**Records for this exercise**.
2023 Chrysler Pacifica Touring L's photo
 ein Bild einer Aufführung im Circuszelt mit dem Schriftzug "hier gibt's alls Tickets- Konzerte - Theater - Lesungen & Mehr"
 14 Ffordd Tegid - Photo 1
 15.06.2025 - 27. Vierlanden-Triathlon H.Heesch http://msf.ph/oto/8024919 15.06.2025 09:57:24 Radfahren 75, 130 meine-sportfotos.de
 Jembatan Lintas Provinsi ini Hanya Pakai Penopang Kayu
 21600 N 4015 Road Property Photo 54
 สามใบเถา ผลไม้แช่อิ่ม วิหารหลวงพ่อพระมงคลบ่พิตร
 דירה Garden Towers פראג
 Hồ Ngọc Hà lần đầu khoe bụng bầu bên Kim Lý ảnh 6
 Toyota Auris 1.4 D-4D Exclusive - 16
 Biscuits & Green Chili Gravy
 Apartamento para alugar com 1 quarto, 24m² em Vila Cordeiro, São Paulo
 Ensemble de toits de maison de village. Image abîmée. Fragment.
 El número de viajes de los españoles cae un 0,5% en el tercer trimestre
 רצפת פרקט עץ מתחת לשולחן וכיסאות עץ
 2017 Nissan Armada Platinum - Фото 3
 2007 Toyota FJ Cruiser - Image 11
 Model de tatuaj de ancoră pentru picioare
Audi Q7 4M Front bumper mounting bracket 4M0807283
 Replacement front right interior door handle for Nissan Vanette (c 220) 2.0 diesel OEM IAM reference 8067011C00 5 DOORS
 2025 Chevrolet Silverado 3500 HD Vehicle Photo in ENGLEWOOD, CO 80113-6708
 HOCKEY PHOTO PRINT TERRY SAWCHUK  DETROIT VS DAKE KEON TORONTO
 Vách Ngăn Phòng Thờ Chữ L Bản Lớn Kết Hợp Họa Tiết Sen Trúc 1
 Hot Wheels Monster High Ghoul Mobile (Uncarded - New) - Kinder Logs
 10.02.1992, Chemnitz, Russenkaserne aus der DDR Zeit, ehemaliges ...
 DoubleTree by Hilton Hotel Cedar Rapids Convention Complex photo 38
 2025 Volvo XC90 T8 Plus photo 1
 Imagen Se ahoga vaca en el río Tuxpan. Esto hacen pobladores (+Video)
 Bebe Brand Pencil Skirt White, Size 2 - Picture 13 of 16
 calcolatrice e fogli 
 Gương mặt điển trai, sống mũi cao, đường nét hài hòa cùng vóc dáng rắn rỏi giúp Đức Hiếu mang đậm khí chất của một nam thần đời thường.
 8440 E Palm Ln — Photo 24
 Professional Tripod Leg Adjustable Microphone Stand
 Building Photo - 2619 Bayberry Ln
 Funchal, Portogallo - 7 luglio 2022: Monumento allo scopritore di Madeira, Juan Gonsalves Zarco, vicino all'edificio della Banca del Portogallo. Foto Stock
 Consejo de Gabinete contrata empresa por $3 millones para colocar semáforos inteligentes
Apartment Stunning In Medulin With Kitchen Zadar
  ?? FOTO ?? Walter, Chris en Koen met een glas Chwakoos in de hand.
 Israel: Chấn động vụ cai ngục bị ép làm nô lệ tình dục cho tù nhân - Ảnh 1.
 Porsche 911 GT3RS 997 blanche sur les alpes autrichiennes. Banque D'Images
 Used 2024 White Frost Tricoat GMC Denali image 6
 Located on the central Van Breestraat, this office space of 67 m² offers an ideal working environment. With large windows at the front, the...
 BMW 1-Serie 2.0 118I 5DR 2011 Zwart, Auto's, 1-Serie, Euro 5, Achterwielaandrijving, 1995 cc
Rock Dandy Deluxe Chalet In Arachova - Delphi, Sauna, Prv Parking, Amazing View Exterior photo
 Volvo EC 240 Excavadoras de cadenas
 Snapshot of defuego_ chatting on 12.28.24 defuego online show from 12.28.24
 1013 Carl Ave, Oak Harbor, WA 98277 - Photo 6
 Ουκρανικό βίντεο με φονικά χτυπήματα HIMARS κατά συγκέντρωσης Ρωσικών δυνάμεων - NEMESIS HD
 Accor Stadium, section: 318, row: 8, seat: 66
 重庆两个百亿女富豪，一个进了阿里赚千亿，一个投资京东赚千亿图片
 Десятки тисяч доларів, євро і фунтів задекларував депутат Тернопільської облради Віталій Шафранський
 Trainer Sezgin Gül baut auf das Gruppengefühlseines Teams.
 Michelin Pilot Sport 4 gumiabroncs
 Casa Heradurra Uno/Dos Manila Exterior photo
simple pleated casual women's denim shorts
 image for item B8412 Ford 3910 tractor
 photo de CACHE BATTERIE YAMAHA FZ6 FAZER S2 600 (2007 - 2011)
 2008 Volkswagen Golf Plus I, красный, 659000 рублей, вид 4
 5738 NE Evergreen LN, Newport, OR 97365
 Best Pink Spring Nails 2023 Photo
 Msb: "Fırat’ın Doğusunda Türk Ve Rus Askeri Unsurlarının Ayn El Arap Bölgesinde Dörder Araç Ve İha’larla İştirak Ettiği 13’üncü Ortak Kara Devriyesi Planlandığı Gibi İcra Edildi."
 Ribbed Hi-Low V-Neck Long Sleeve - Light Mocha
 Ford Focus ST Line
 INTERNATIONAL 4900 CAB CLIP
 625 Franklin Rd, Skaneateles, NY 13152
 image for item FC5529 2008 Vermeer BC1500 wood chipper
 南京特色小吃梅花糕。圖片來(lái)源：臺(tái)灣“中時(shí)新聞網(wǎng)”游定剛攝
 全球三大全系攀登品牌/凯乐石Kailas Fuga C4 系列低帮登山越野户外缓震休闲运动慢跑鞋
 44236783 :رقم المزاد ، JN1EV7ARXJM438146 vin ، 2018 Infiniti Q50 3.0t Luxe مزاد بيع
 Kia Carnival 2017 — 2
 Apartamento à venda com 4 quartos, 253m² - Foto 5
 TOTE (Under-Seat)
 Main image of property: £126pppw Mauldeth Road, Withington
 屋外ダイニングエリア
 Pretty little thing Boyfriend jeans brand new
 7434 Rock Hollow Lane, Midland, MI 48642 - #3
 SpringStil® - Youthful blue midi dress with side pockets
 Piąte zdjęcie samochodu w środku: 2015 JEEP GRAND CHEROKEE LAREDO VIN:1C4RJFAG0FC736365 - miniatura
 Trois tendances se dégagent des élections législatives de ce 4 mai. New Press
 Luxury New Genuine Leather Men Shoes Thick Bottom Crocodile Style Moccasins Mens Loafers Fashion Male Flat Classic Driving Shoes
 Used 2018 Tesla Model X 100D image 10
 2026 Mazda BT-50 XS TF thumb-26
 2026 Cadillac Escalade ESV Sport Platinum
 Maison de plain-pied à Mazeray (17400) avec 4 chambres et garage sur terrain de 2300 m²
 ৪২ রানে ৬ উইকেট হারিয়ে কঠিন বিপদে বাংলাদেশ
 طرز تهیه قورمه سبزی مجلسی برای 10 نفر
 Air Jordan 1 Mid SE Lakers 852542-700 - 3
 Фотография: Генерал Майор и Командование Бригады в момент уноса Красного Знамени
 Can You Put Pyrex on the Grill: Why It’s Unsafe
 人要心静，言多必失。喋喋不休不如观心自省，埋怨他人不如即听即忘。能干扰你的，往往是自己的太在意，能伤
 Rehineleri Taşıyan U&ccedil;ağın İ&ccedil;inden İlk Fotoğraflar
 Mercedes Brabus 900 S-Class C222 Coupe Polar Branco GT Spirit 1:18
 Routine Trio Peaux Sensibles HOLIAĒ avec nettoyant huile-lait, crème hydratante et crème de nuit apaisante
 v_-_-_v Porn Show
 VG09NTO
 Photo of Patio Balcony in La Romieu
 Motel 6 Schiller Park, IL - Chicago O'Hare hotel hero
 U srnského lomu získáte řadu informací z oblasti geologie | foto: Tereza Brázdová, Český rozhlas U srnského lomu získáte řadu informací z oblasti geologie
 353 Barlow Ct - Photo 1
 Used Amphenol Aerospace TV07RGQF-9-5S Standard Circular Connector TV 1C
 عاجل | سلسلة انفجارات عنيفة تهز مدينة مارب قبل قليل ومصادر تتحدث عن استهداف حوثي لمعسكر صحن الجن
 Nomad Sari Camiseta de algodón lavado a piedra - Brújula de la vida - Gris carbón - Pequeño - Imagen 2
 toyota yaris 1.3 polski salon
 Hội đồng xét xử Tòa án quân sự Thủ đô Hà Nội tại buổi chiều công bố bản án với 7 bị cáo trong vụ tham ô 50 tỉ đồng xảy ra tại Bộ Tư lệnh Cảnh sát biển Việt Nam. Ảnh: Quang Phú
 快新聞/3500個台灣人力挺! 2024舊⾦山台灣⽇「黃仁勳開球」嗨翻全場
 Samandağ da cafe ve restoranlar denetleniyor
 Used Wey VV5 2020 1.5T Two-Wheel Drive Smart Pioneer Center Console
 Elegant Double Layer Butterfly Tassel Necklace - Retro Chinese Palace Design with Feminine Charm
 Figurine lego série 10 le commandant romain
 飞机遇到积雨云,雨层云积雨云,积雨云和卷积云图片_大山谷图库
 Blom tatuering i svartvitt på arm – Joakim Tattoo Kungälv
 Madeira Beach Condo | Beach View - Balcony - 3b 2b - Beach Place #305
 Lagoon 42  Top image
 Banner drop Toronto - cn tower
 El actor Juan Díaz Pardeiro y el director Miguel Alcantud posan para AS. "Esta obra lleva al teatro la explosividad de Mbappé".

**Work task**. State how many lines in the entries hold "Exterior", please, with no other words.

**Result**. 2